◆ **Data in this exercise**
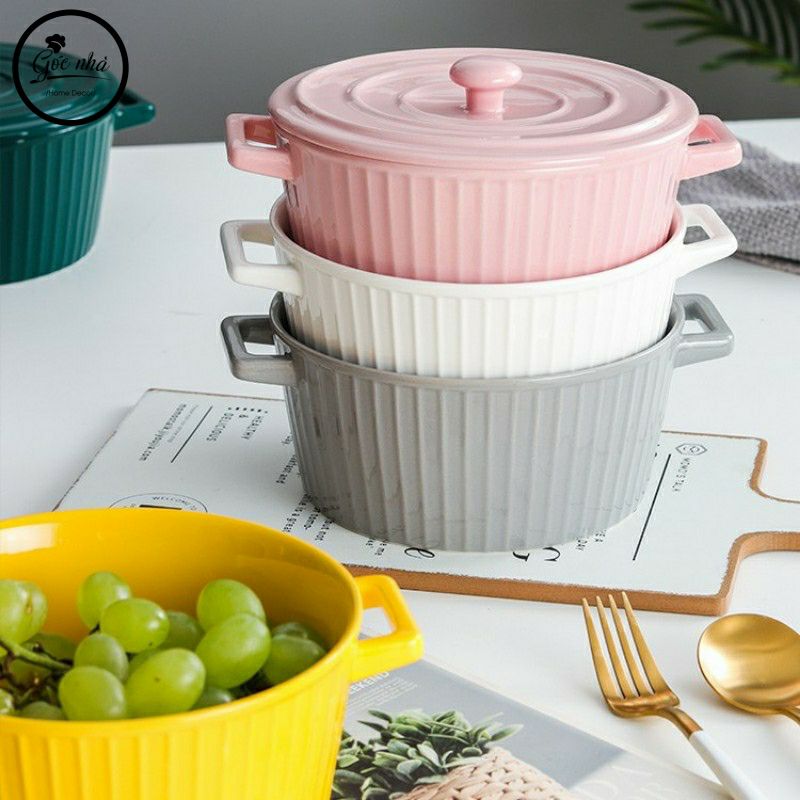 Tô có quai Hepburn - Có nắp đậy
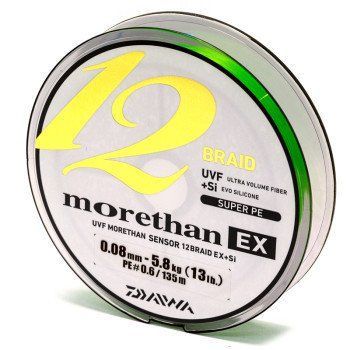 Шнур Daiwa Morethan 12BEX+Si 135m LG 5.8kg 0.08mm #0.6 (12695-008) 12695-008 фото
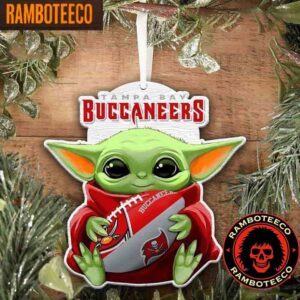 NFL Tampa Bay Buccaneers Special Baby Yoda Star Wars Movies Christmas Tree Decorations Ornament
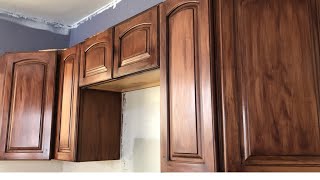 Gel Stain Kitchen Cabinets detailed video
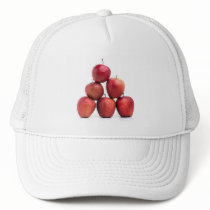 Red Delicious Apples Pyramid Trucker Hat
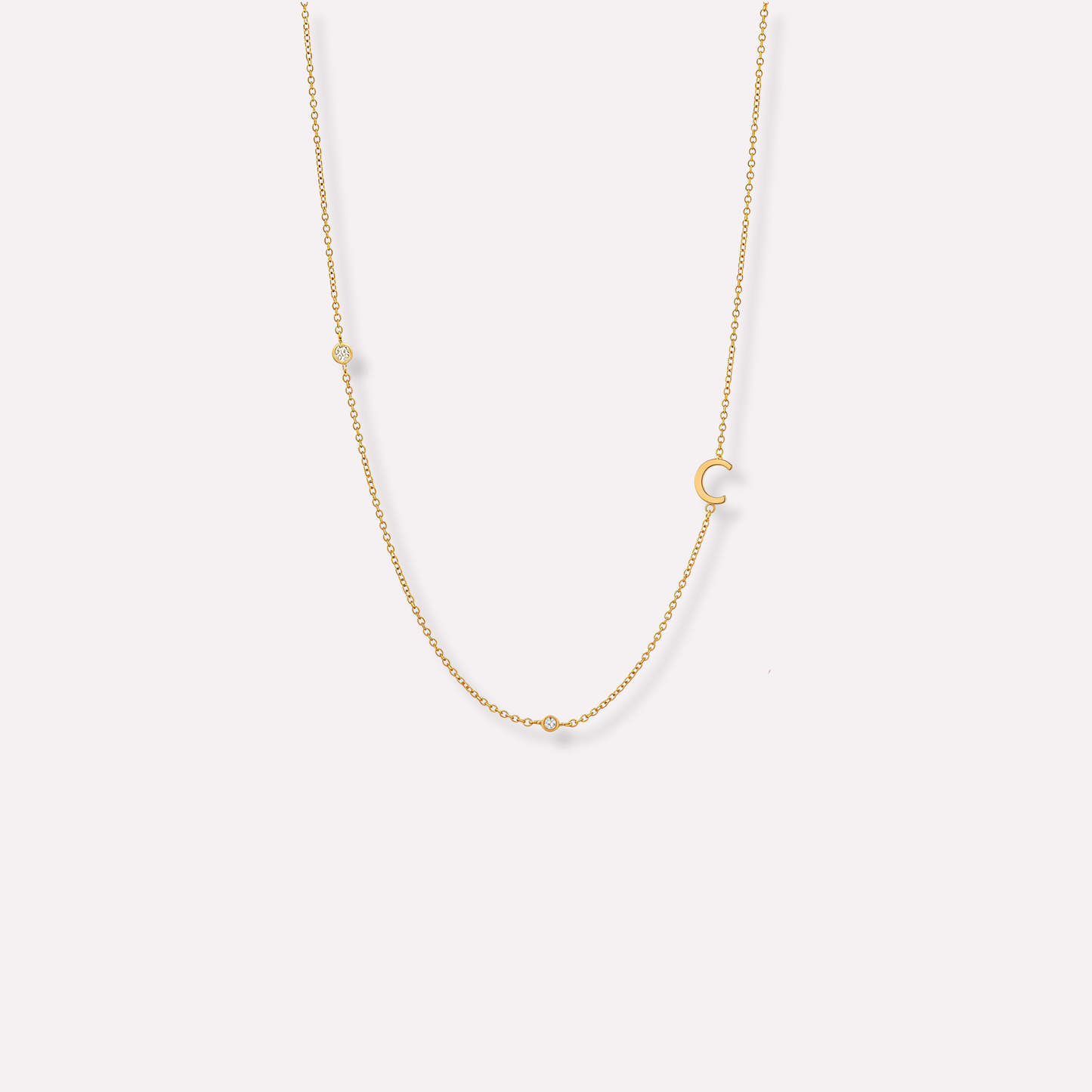 Letter Gemstone Choker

◆ **The problem**
Would you output only the span of the records above that opens with the line containing "Шнур Daiwa Morethan" and closes with the line containing "Gel Stain Kitchen Cabinets detailed video", ends included and pictures dropped?

◆ **Answer to this exercise**
 Шнур Daiwa Morethan 12BEX+Si 135m LG 5.8kg 0.08mm #0.6 (12695-008) 12695-008 фото
 NFL Tampa Bay Buccaneers Special Baby Yoda Star Wars Movies Christmas Tree Decorations Ornament
 Gel Stain Kitchen Cabinets detailed video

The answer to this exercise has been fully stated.